According to Wikipedia, a data lake is a system or repository of data stored in its natural/raw format, usually object blobs or files. It’s usually a single store of all enterprise data including raw copies of source system data and transformed data used for tasks such as reporting, visualization, analytics and others.

Building data lakes are somewhat distinct from typical IT projects (modernization or digital efforts), as an improper approach may lead to significant downsides during the delivery or integration phases. In this post, we will discuss the two most important pieces of the puzzle, nowadays ignored by novel IT projects.

Requirements

With the advent of Agile & Scrum, there’s a common myth that it’s OK to start without the full understanding of requirements and develop incrementally. This approach may work well for some of the agile projects such as Micro-services development. However, it’s important to hash out the critical requirements while on a mission to deliver data lakes.

Data Requirements

It’s important not only to understand the data, but also to understand the sources. This will help in understanding the ingestion patterns and solutions in place. Of course, the next step is to now review the ‘actual’ data—the structures and capacity needs. This last part is very essential. The solution (platform) is heavily dependent on the size & nature of the data. In the majority of the use-cases, it is equally important to understand the governance and compliance rules.

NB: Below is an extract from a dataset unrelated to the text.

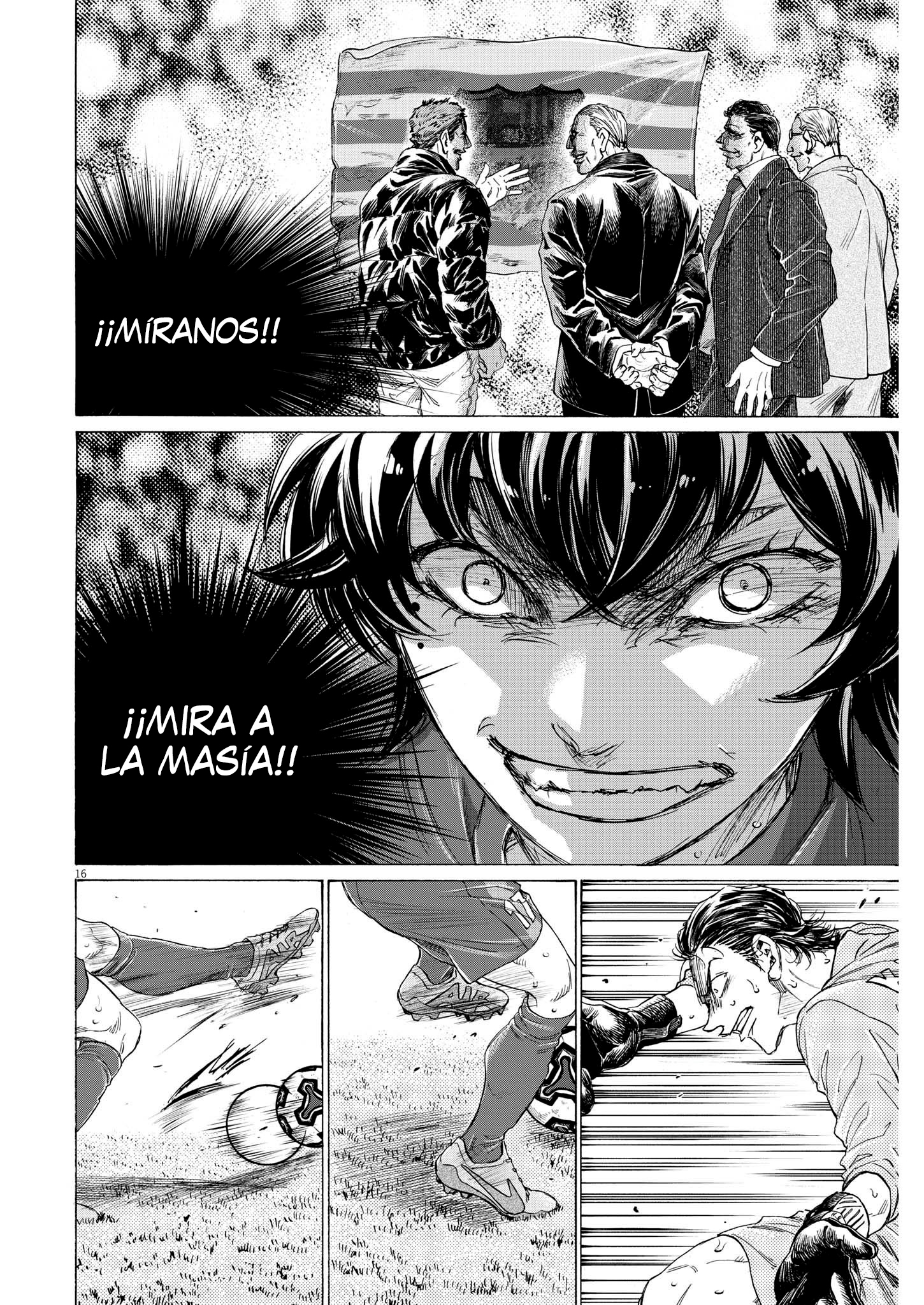 Read Ao ashi Español Manga Online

Analytics & Reporting Requirements

One of the primary reasons for organizations to build a data lake is to give data scientists and analysts an opportunity to slice, dice, and create meaning out of it. In order to provide meaningful data, it’s important to understand the data structures and expectations of those users and the tools currently in use. Data in the lake can be consumed by anyone using various technologies. But there is a significant difference in terms of investment and time. This is based on the tools and technologies, so careful review of those is pertinent.

Business Requirements

Any technology solution is meant for just that—solving a business problem. It’s prudent to understand the users of this data; particularly, the characteristics of the user, how the data will be useful for them, and the usage pattern. It’s equally as important to gather requirements around reporting, metrics, and analytics use-cases.

Architecture

The agile mindset (nothing wrong with that) usually drives us into the project (aka. deliverables) as soon as the requirements are understood. Here again, big data projects suffer to a large extent, especially if we miss one of the most important ‘architecture’ phases. The architecture phase is very different and unique. Thus it should be treated differently from design, which is more about data modeling and application design.

Data Architecture

In the early days of data lakes Hadoop was considered to be the only solution. During this time there was a whole lot of debate about the nature of the lake and its suitability for a multi-tenant environment. It’s clear now that any data lake we want to build NEEDS to support multi-tenancy. Also, as discussed in the requirements section, the data lakes serve multiple purposes and can’t be focused just around a few functionalities.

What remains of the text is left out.